The attack at the train station in eastern Ukraine shows the depths to which Putin’s vaunted army has sunk – at least 39 people killed and dozens wounded on a train platform crowded with women and children.
Is it a war crime indiscriminately to attack civilians, and Russia’s crimes in Ukraine will not go unnoticed or unpunished.
Germany and the UK also share exactly the same conviction that Putin must fail in Ukraine.
Which is why we are working together in the G7 to toughen our sanctions, and target every pillar of the Russian economy, in order to cut off the funds from his war machine.
The UK and the EU have announced new sanctions this week, and just today we in the UK have imposed new asset freezes and travel bans.
We will also agree on the importance of weaning ourselves off dependence on Russian gas and oil, and ensuring that our energy security cannot be threatened by a rogue state.
This is not easy for any of us, and I applaud the seismic decisions taken by Olaf’s government to move Germany away from Russian hydrocarbons.
Today we have agreed to maximise the potential of the North Sea and collaborate on energy security and on renewables, where Germany and the UK lead the way in new technology.
We cannot transform our respective energy systems overnight, but we also know that Putin’s war will not end overnight.
That’s why Britain and Germany have joined dozens of allies to supply Ukraine with defensive weapons. Last week, the UK convened a donor conference which raised weapons and equipment for Ukraine worth over £1.5 billion – or 2.5 million items of military kit.
Today I can announce that the UK will send a further £100 million worth of high-grade military equipment to Ukraine’s armed forces, including more Starstreak anti-aircraft missiles, which fly at three times the speed of sound, another 800 anti-tank missiles, and precision munitions, capable of lingering in the sky until directed to their target.
We will also send more helmets, night vision and body armour, on top of the 200,000 pieces of non-lethal military equipment the UK has already dispatched.
But Olaf and I agree that our two countries and our allies must go further and provide more help to Ukraine.

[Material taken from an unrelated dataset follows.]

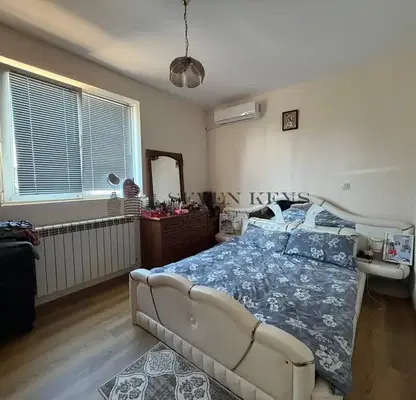 Photo 3 — House in Varna, Priselci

The Europe we knew just six weeks ago no longer exists: Putin’s invasion strikes at the very foundations of the security of our continent.

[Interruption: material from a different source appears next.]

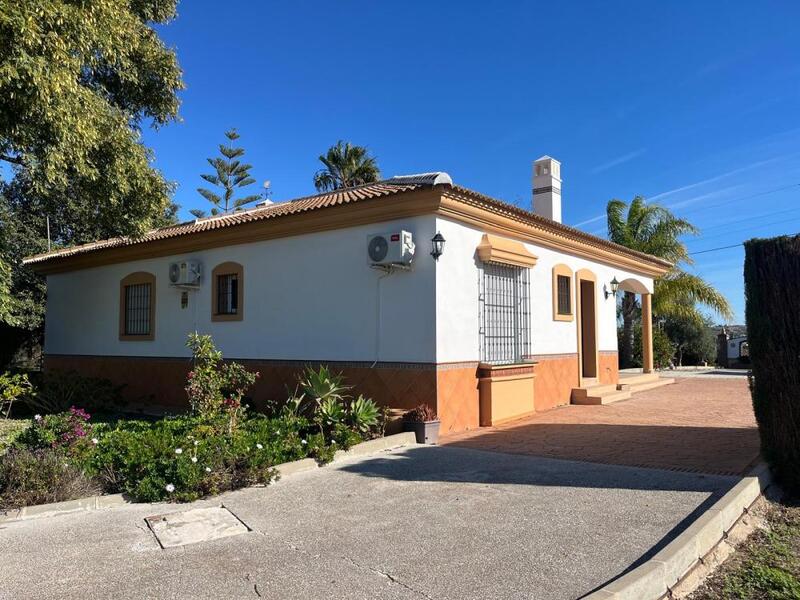 3 bedroom Country House for Long Term Rent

But his ambition to divide us has demonstrably failed; on the contrary, he has succeeded in uniting Europe and the whole trans-Atlantic alliance in support of Ukraine, and in strong solidarity with each other.
Putin has steeled our resolve, sharpened our focus, and he has forced Europe to begin to rearm to guarantee our shared security.
Britain and Germany will work together to ensure that our Armed Forces are fit for the future, including with our joint effort to manufacture state-of-the-art Boxer armoured vehicles.
We will hold a joint Cabinet meeting between our two Governments within the next year, our defence ministers will meet before the NATO summit in June, and I look forward to joining you Olaf at Schloss Elmau for the next G7 summit.
We face the new reality created by Putin’s invasion, I know that Britain and Germany will meet this challenge together, as passionate advocates of democracy and freedom, and both committed friends of Ukraine.